» **Stored data**
+===+
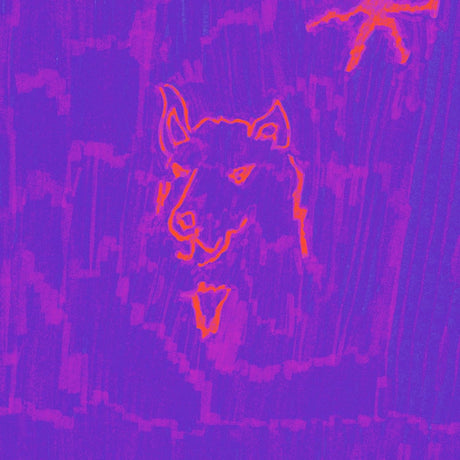 DEHD - Poetry (CD) - Velvet Music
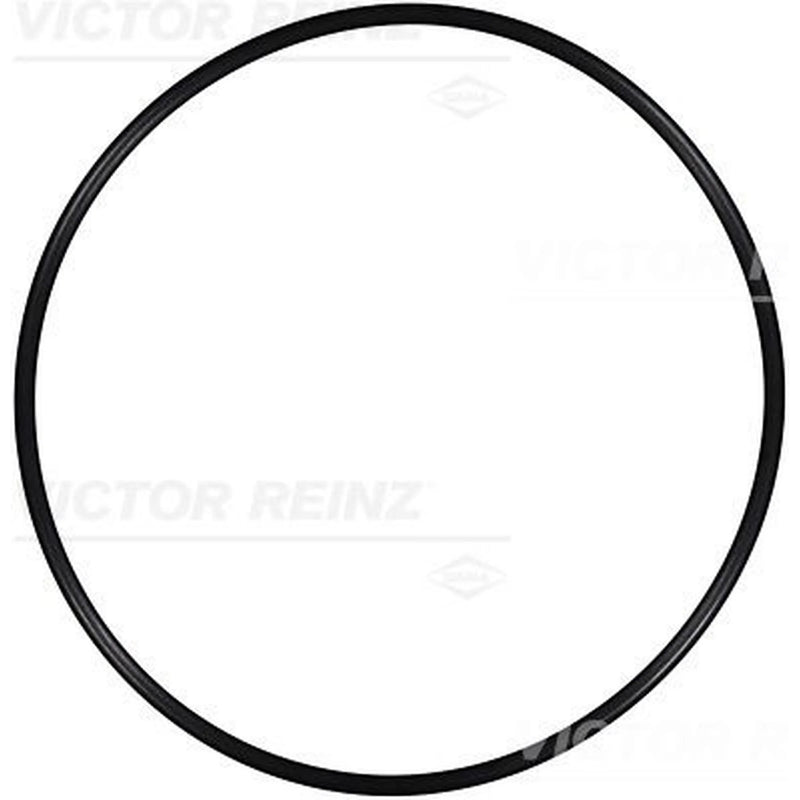 Victor Reinz Sealing Ring Gasket 40-76243-00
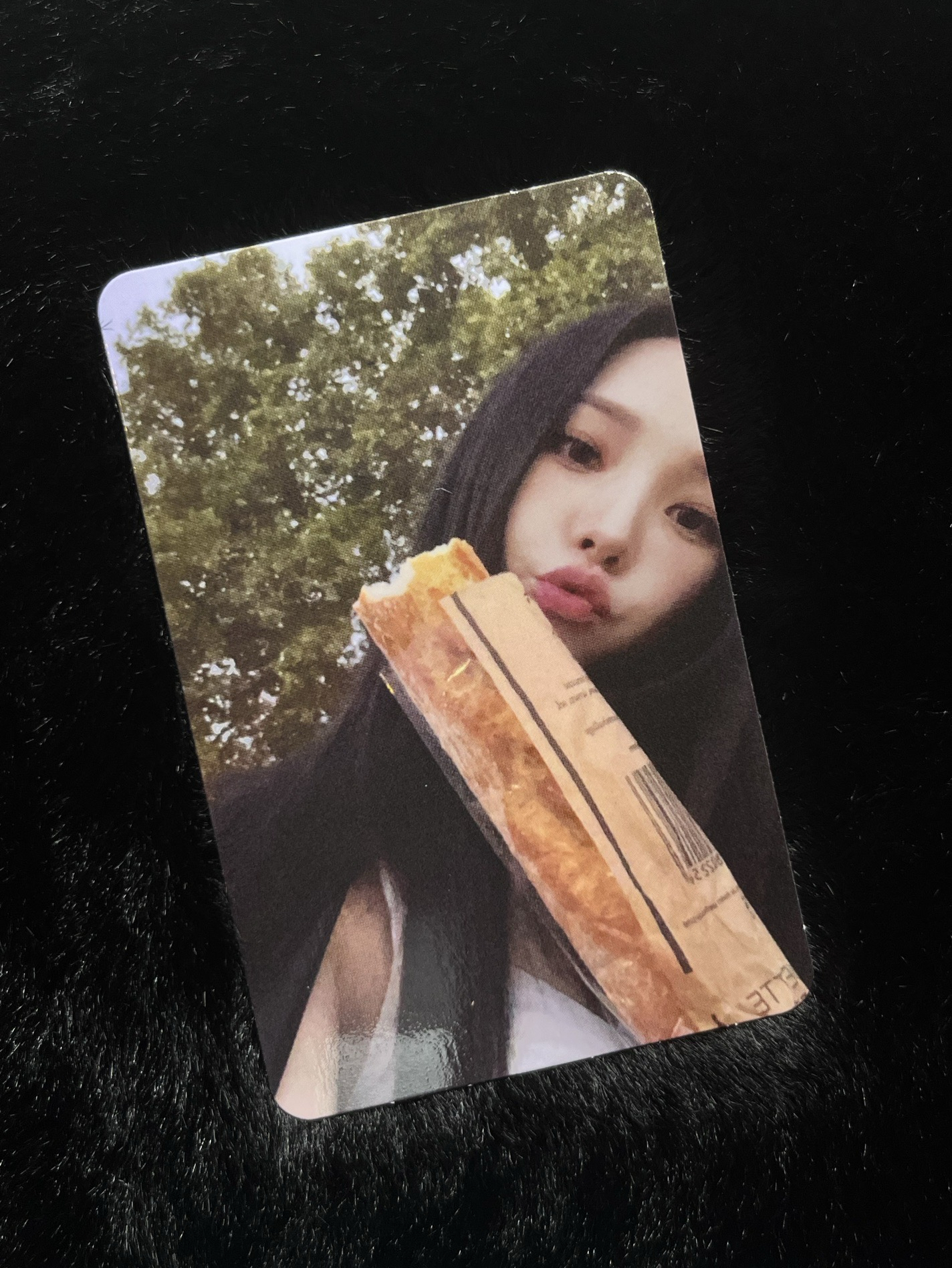 二周年 幸運卡柚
+===+
» **Requirement**
Every line of the listing must be reproduced exactly, though the pictures are to be left out.

» **Task result**
 DEHD - Poetry (CD) - Velvet Music
 Victor Reinz Sealing Ring Gasket 40-76243-00
 二周年 幸運卡柚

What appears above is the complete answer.